FIG. 3 is an illustration (in cross-section) of a fenestration system according to an embodiment of the invention. This configuration illustrates how the fenestration system can provide improved daylight distribution by redirecting daylight in a direction above the horizontal plane. Compared to FIG. 2, the blind slats are slightly tilted downwards (outer end).

FIG. 4 is also an illustration (in cross-section) of a fenestration system according to an embodiment of the invention. This configuration illustrates how the fenestration system can provide improved daylight distribution by redirecting daylight in a direction above the horizontal plane. Compared to FIG. 2, the blind slats are vertically lifted in parallel by a distance corresponding to the height of the solar cell stripes. Compared to the configuration in FIG. 2 the blinds may also be tilted.

FIG. 5 is an illustration (in cross-section) of a fenestration system according to an embodiment of the invention. This configuration illustrates how the fenestration system can provide solar shading by adjusting the blinds to the closed position.

FIG. 6 is an illustration (in cross-section) of a fenestration system according to an embodiment of the invention. This configuration illustrates that outward view between the solar cell stripes can be obtained by lifting the blinds to the raised position.

FIG. 7 is an illustration (in cross-section) of a fenestration system according to an embodiment of the invention. The fraction of sunlight utilized for daylighting can be controlled by a vertical adjustment of the blind slat position relative to the solar cell stripes. Left: The blind slats are lifted (compared to the configuration in FIG. 2) to allow some redirected sunlight to enter above the corresponding solar cell stripes. Right: The blind slats are lowered (compared to the configuration in FIG. 2) to allow some redirected sunlight to pass under the corresponding solar cell stripes.

FIG. 8 is an illustration (in cross-section) of a fenestration system according to an embodiment of the invention, with concave blind slats with a constant radius of curvature. The illustration also shows the blind slats organised in an open position (nearly horizontal slats) providing reasonable outward view between the blind slats and between the solar cell stripes.

FIG. 9 is an illustration of a fenestration system according to an embodiment of the invention, showing an example of a shape for the blind slat (cross-section).

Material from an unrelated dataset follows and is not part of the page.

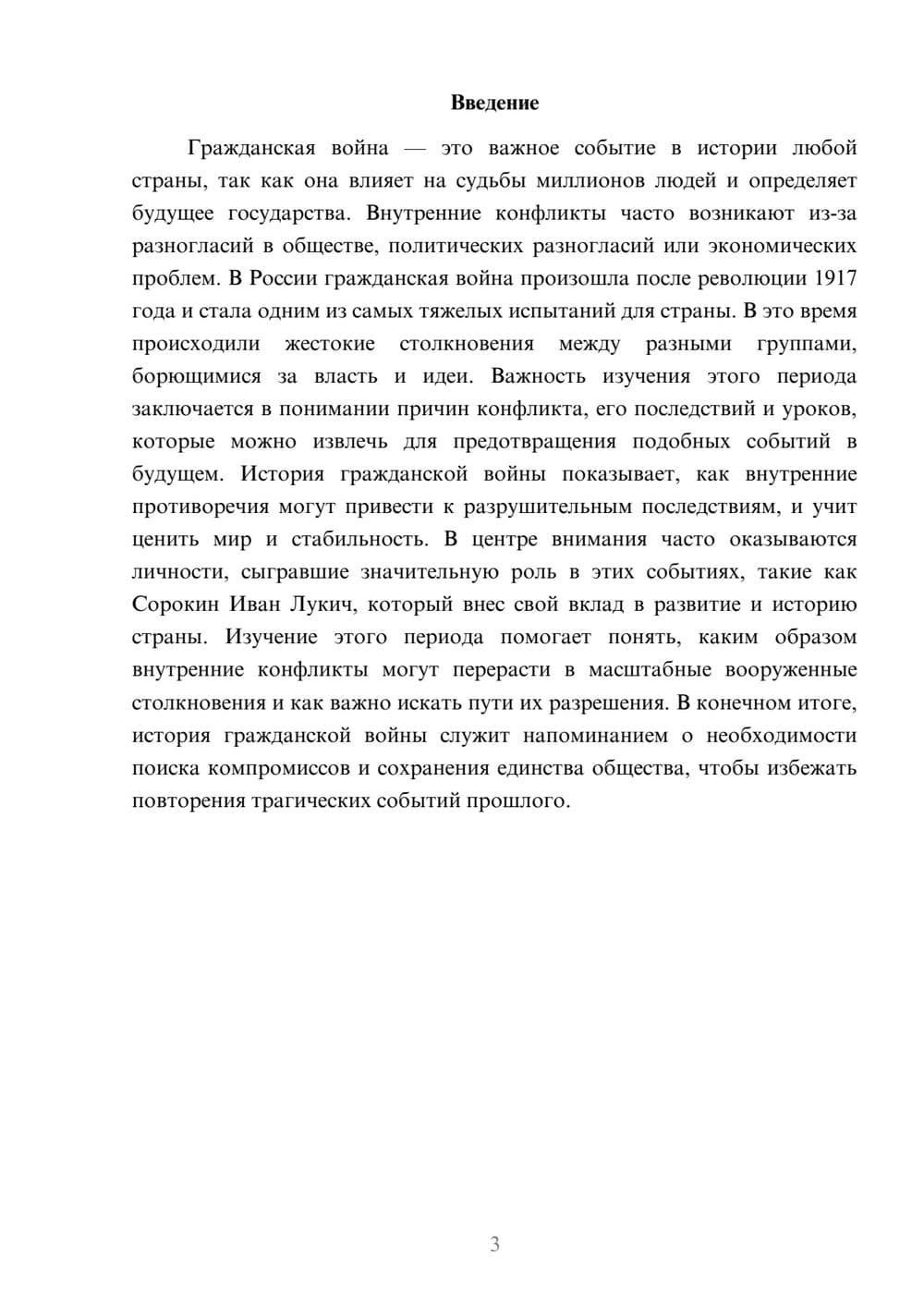 Предпросмотр доклада 3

This shape is designed especially for a solar elevation of 45° (solar elevation as projected into the yz-plane) but can also be applied for most low sun conditions (10° to 60°) by tilting the blind slat accordingly. The outer end of the blind slat is marked with the letter A and the inner end with the letter B. The shape is comprised of 10 flat segments with different angular orientation. This shape is designed to operate together with a solar cell stripe with a height of approximately 10 units in the y-direction.

FIG. 10 is an illustration of a fenestration system according to an embodiment of the invention, showing an example of a shape for the blind slat (cross-section). This shape is designed especially for a solar elevation of 60° (solar elevation as projected into the yz-plane) but can also be applied for most high sun conditions (30° to 80°) by tilting the blind slat accordingly. The outer end of the blind slat is marked with the letter A and the inner end with the letter B. The shape is comprised of 10 flat segments with different angular orientation. This shape is designed to operate with a solar cell stripe with a height of approximately 10 units in the y-direction.

FIG. 11 is a picture of a prototype of a part of a blind slat in a fenestration system according to an embodiment of the invention, with a periodical structure along the depth of the blind slat. The periodical structure improves the distribution of redirected sunlight.

FIG. 12 is cross-section view from the front side of a part of a blind slat according to embodiments of the invention, where a periodical structure is provided along the depth of the blind slats. Left: Periodical structure in the form of side-by-side semicircles. Right: Periodical structure in the form of overlapping semi-circles.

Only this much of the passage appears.